TheMerkle USB Devices Crosstlalk Leakage

USB devices are used on a daily basis around the world. Virtually every device one can think of seems to have a USB port of some sort. However, it turns out that electric signals from USB ports can expose sensitive information to an attacker who knows what he or she is looking for. This trend is known as channel-to-channel crosstalk leakage, and it can affect all types of devices.

USB Devices Can leak Sensitive Information

USB devices may not be as secure as was originally assumed. This is not because they themselves can be tampered with, but rather that the protocol used to communicate through a USB port can leave sensitive data exposed.

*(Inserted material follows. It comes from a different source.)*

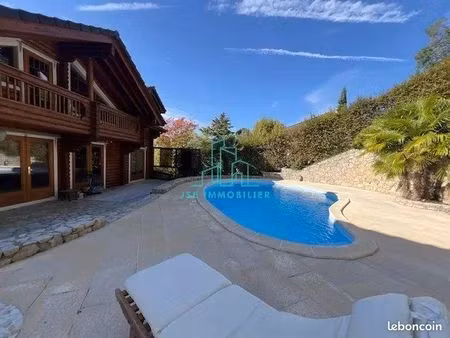 chalet 5 pièces 218 m²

Voltage fluctuations of a USB port’s data lines can be monitored from any other port on the same hub or controller. This gives attackers access to such information which is unknowingly shared when these fluctuations occur.

No one would think that electric signals could be used to leak data to adjacent USB ports. Unfortunately, that is exactly the case. Imagine if this happened at public locations where people freely charge their phones or tablets. A malicious actor with an active data transfer connection could potentially capture information coming from those other devices. That would be quite problematic, to say the least.

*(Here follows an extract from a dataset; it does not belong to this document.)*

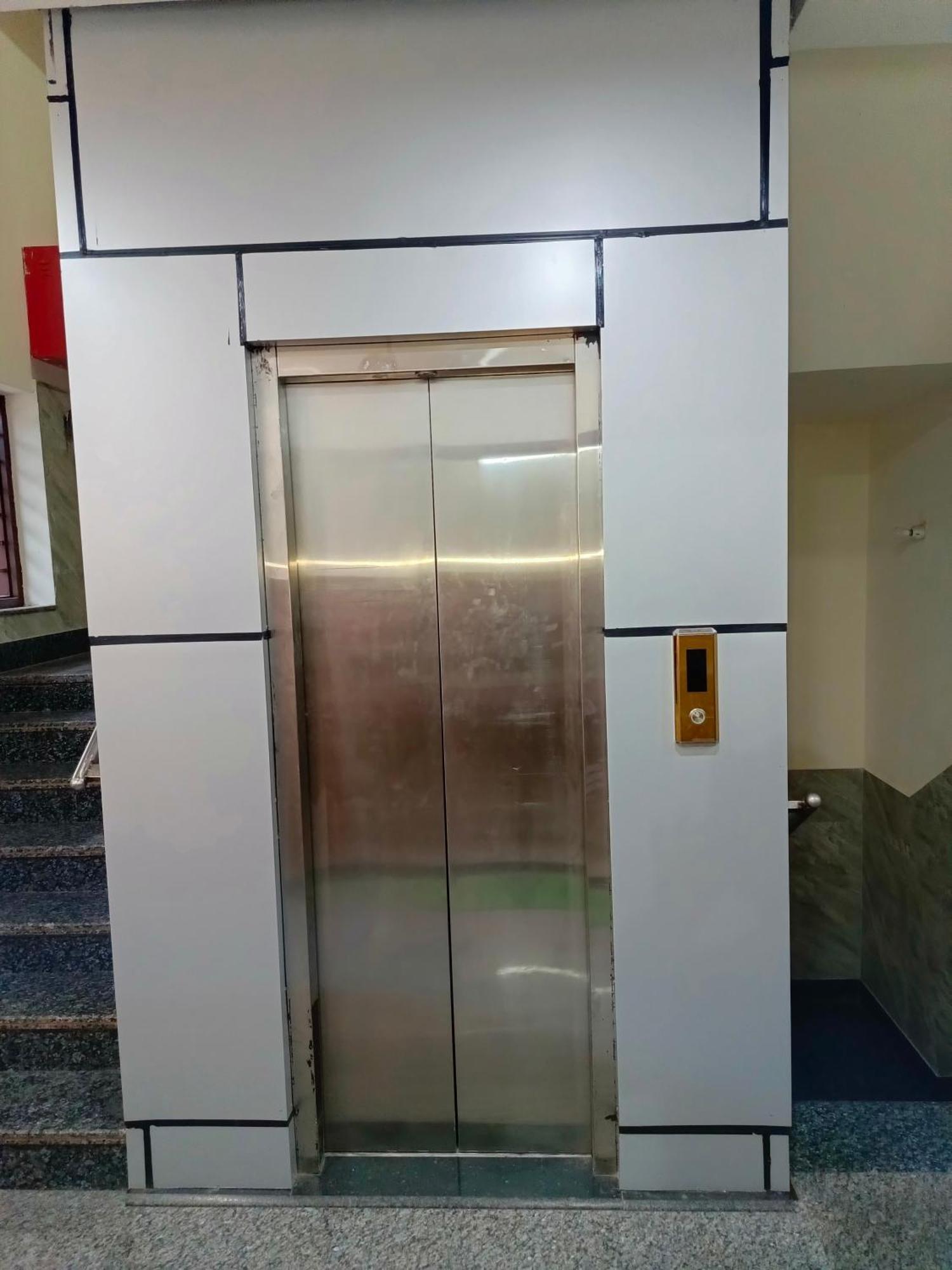 מלון מטורה Shri Girraj Residency מראה חיצוני תמונה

Channel-to-channel crosstalk leakage, as this is known, can have severe consequences for anyone falling victim to it. Any type of information transmitted by one’s USB device in an unencrypted form can effectively be collected by an assailant targeting a different USB port on the same hub. It requires physical access to the hub or computer in question, since this information cannot be collected through software-based modifications. That is a good thing, but it does not necessarily alleviate the concerns associated with this security risk either.

Once the information is collected from USB devices, it can then be transmitted to a centralized server. If researchers determine which server is being utilized, they can shut it down without too much of a problem. Of course, that assumes people realize someone is snooping on them through the USB protocol in the first place. In reality, it is pretty difficult to spot this type of activity, as it does not draw more power nor does it give any indication that someone is actively scanning hubs.

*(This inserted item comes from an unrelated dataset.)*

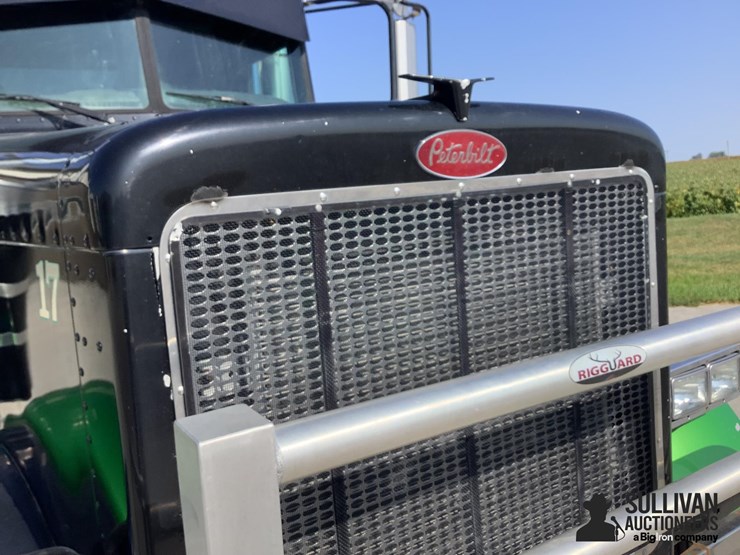 2006-peterbilt-379-image-9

Executing a successful channel-to-channel crosstalk leakage attack is not all that difficult. People have a tendency of picking up random USB drives when they are handed out free of charge or accidentally left behind. Many companies use free USB drives as a marketing tool, but they could just as easily be used to lay the groundwork for attacks such as this one. Very few consumers worry about potential security repercussions when using untrusted USB devices these days, and that situation will not change anytime soon.

Considering how our society relies on USB devices more than ever before, attacks such as these could become a lot more prevalent than assumed right now. Crosstalk leakage attacks constitute a very disturbing trend among cybercrime tools, although it may prove to be rather harmless in the long run. As it happens, no one knows whether such attacks have been successful already, simply that they are certainly possible. That free USB stick you were given last week may not be as innocent as you first thought.